Mardi 23 juin, lors d'une réunion à huis clos, les députés socialistes ont réélu à mains levées leur chef de file, Jean-Marc Ayrault, seul candidat à sa succession. «Qui vote contre?» Personne. «Qui s'abstient?» Personne. Le maire de Nantes, ami de François Hollande, repart donc pour une treizième année aux manettes -en pleine phase théorique de «refondation» du parti...
Jean-Marc Ayrault détenait déjà le deuxième record de longévité sous la Ve République: seul Gaston Defferre, patron de 1962 à 1981, a duré davantage à la présidence du groupe PS... Sinon, à l'Assemblée nationale, Pierre Joxe a piloté 5 ans, Louis Mermaz 2 ans (1988-90), Jean Auroux 3 ans (1990-93), Martin Malvy 2 ans (1993-95)...
«Cette année, on a oublié de rénover», persifle Arnaud Montebourg dans Profession politique. En juillet 2008, l'élu de Saône-et-Loire avait échoué à renverser Jean-Marc Ayrault (57 voix décrochées contre 120), après avoir fait campagne contre l'immobilisme («Nous avons le devoir (...) d'imaginer une autre combativité», clamait sa profession de foi). Désormais secrétaire national du parti à la rénovation, Arnaud Montebourg (déjà battu en 2002 et 2007), n'a pas jugé opportun d'y retourner.
«Aucune alternative n'était crédible», souligne l'entourage de Jean-Marc Ayrault, au fait des rapports de courants. Laurent Fabius, que la rumeur disait gourmand, qui avait épaté sur le récent projet de loi organique restreignant le droit d'amendement, ne s'est pas lancé. Pourquoi jouer aux kamikazes? «C'est le meilleur orateur, mais il aurait fait 80 voix maximum», reconnaissent ses amis -sans doute moins.
L'ancien Premier ministre, qui a largement contribué à l'élection de Martine Aubry comme première secrétaire du PS, reste bien trop «clivant». «Je ne lui pardonne pas sa campagne de 2005 contre la Constitution européenne» (menée à rebours des positions du parti), ressassent ses opposants. Quant aux «quadras» (Manuel Valls, Gaëtan Gorce...), ils n'auraient pas fait un pli.

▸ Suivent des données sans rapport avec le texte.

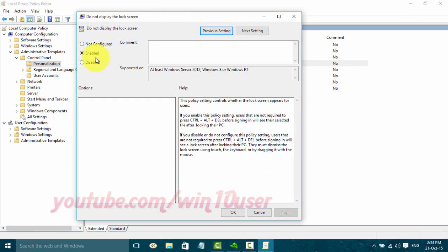To disable, select not configured or disabled, and then click OK. To enable, select enabled, and then click OK.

Pour bâtir une majorité, de toute façon, il aurait fallu un minimum de temps pour phosphorer. Or l'équipe du «sortant» a calé le scrutin entre le Congrès de Versailles et le remaniement gouvernemental; l'appel à candidature a duré 2 jours à peine... «C'était le meilleur moyen de tout congeler», s'agace un représentant de la gauche du parti.

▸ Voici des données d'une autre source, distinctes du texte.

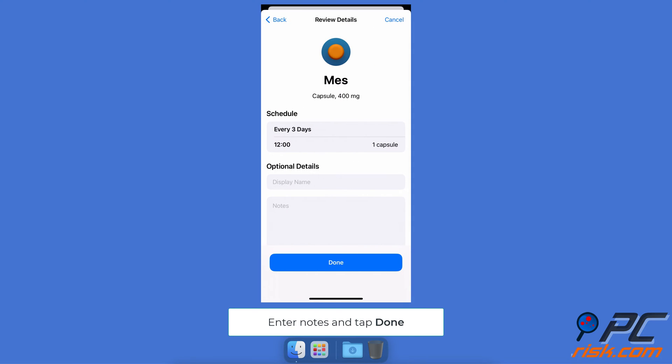Enter the medicine nickname, which will be easy to follow, and add notes if needed.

Le «Président» pouvait en plus plaider le réveil du groupe ces derniers mois. Sans conteste, il a rehaussé sa pugnacité (combats virulents sur la réforme des institutions, au point d'entonner La Marseillaise dans l'hémicycle et de boycotter les séances; pilonnage du projet de loi Hôpital; victoire sur Hadopi, etc.). «Franchement, c'était pas l'ambiance d'aller contre lui», résume un royaliste. «C'était pas mûr», confirme un ambitieux, en embuscade.
Reste qu'à l'issue de cette réélection, mardi, Jean Glavany (candidat contre Jean-Marc Ayrault en 2007 avec le soutien de Bertrand Delanoë) a pris la parole pour ronchonner: grosso modo, il a critiqué la stratégie de «communication» du «patron» et le fiasco de certaines opérations spectaculaires... Dans sa ligne de mire: le camion publicitaire loué en avril dernier pour tourner autour de l'Elysée, avec un slogan anti-bouclier fiscal, que les forces de l'ordre avaient illico dégagé («Monsieur le Président, trouvez-vous normal que les boucliers ne protègent que les riches?»); et le rassemblement impromptu, lundi 22 juin, devant la Salle du Jeu de Paume de Versailles (où les représentants du Tiers-Etat avaient prêté serment en 1789), pour protester contre la convocation du Congrès par Nicolas Sarkozy...
«Merci de votre confiance», a conclu Jean-Marc Ayrault mardi.